As an aside, I did talk with my friend who was one of the experts who testified at the case and she mentioned the lawyer she was working with. She said he was a totally professional and a charming southern gentleman. She offered a lament, too - it would have been unethical for them to have developed a personal relationship, and they did not. "Too bad," she added.
Our chatting went on and Carl began teasing me about the photos on my profile. "Where did you get them?" he asked, "They surely are not you; they are of a much younger woman. Are they of you fifteen years ago?"
Can you find any woman who would not be flattered by comments like that? I assured him they were of me but he continued to joke about that; it was fodder for teasing.
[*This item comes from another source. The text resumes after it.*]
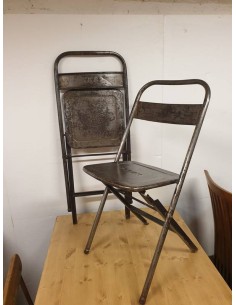 Sedia industrial vintage in ferro battuto  pieghevole CX148 2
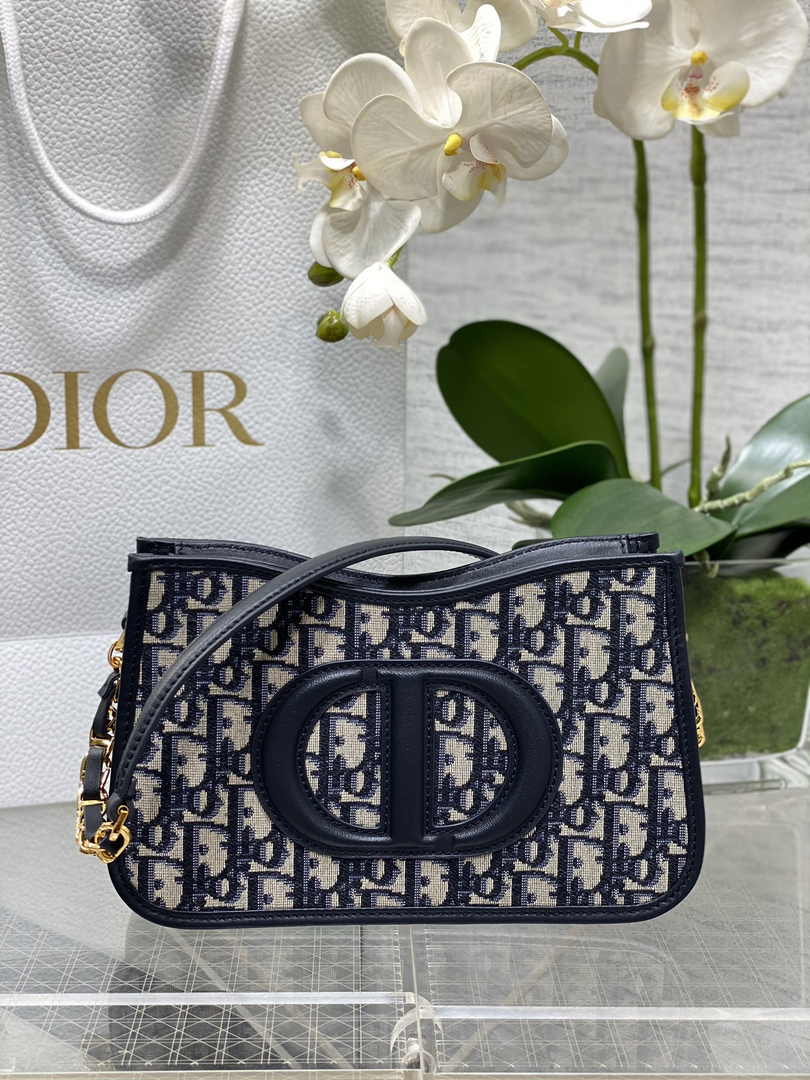 Dior CD Signature Hobo Mini Bag S2213 Blue Dior Oblique Embroidery - Default Title - View 1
During one chat I mentioned a no-kill animal sanctuary I contributed to and he used that tidbit of information to offer a challenge. If I proved the photos were of me he said he'd donate $1,000 to the shelter. Two days later he suggested that if I checked with the shelter I'd find there had been a five-hundred-dollar donation made in the name of Tina Baker.
I did; there was. He said that was to prove he was serious about wanting me to prove the photos were of me.
My husband knew about the chats and teasing and enjoyed teasing me about providing proof. That teasing was fun and became part of our own foreplay. And teasing can be a double-edged sword. Would he, I asked, help me prove it was me in the photos?
Would he dare?
Would I?
I was discovering he and I had complementary kinks! The idea of being shown off was a turn on for me, and of showing me off was one for him. Hey, he chose the photos on my profile!